Summit Tunnel, 1,600 feet long, would take over a year to complete. Walking into this tunnel, shredded, torn, scorched rock, is a walk into the hell of history, really. The heroic work the Chinese did, blasting their way through this mountain. It seems really inconceivable that this could have been done, even with the help of nitroglycerin, by human hands at all. The scale of it is, sort of, epic. It must be one of the great achievements of American history, and yet there's absolutely nothing to mark the tenacity and the suffering and the endurance. No plaque, no little museum. But hey, after all, they were Chinese. They weren't even thought of as Americans. On May the 10th, 1869, workers posed for the photograph in Promontory, Utah, to celebrate the completion of the first railway link right across the continent. Yet there are no Chinese faces. Only the Irish and European labourers were invited to take part. The Chinese may have helped unify the United States, but that wasn't enough to make them American. Once the railroad was completed, the Chinese looked for work in the Chinatowns of the western cities, but many whites viewed them with growing suspicion. When recession hit in the 1870s, they were accused of taking work from white Americans and things turned ugly. In San Francisco, an Irish-American labour organiser, Dennis Kearney, had vast crowds chanting, The Chinese must go. Lynchings and the burning of Chinatowns soon followed all across the western states. In Truckee, where many of those who had taken the railroad through the mountain had settled, the anti-Chinese campaign was led by Charles McGlashan, a former high school teacher and now the owner of the local newspaper.
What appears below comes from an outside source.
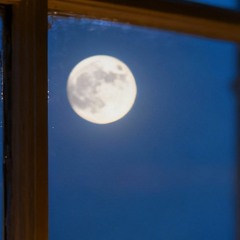 moon (2)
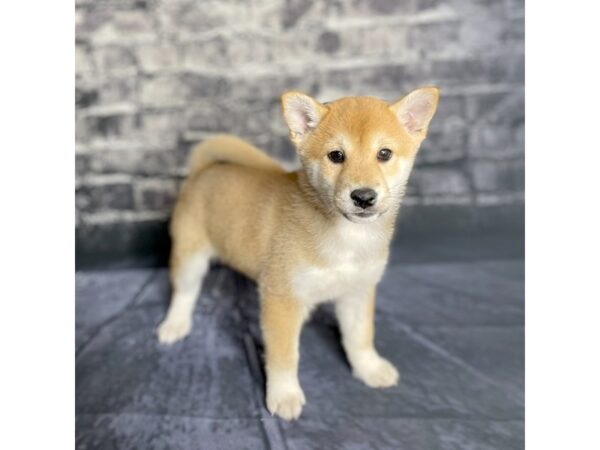 Shiba Inu-DOG-Female-Red-15755-Petland Chillicothe, Ohio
McGlashan professed to want to avoid violence, not least because burning the Chinese out hadn't worked, they just kept on rebuilding their homes. So, instead of the torch, he planned to strangle Truckee's Chinatown to death with a tightening economic noose. He wouldn't target the Chinese directly, but the whites who gave them a livelihood. White homes that employed Chinese servants, hotels that hired them to cook and clean, timber companies that used them to cut wood. They would all be ordered to fire their Chinese workers. And McGlashan's weapon to enforce this boycott would, in a very modern twist, be his newspaper. This stuff is really amazing. There's evil dripping from the pages of this obscure provincial newspaper. This kind of language to dehumanise the Chinese, you just don't think of as having a place anywhere in America. But here it is. Here's McGlashan right on the eve of the boycott. Very grand in mobilising contempt. "It will be a bitter, relentless warfare unto the death. No quarter will be asked or given." "Either the whites will rule Truckee and the Chinese must leave, or the Chinese must rule" and the whites will leave. "There will be no compromise, no flag of truce, no cessation of hostilities" until the final surrender is made." Now, what does he mean by the final surrender? He means the entire community is going to be uprooted, evicted, all traces of their having been part of Truckee wiped out completely. And here's McGlashan ostracising anyone he calls a Chinese lover, anyone who would defy the campaign of hatred against the Chinese. This is what he says. Extraordinary. He says, "How dare they think that they could gain a livelihood for themselves "without the aid of the thieving, lustful, opium-smoking, murderous Chinamen."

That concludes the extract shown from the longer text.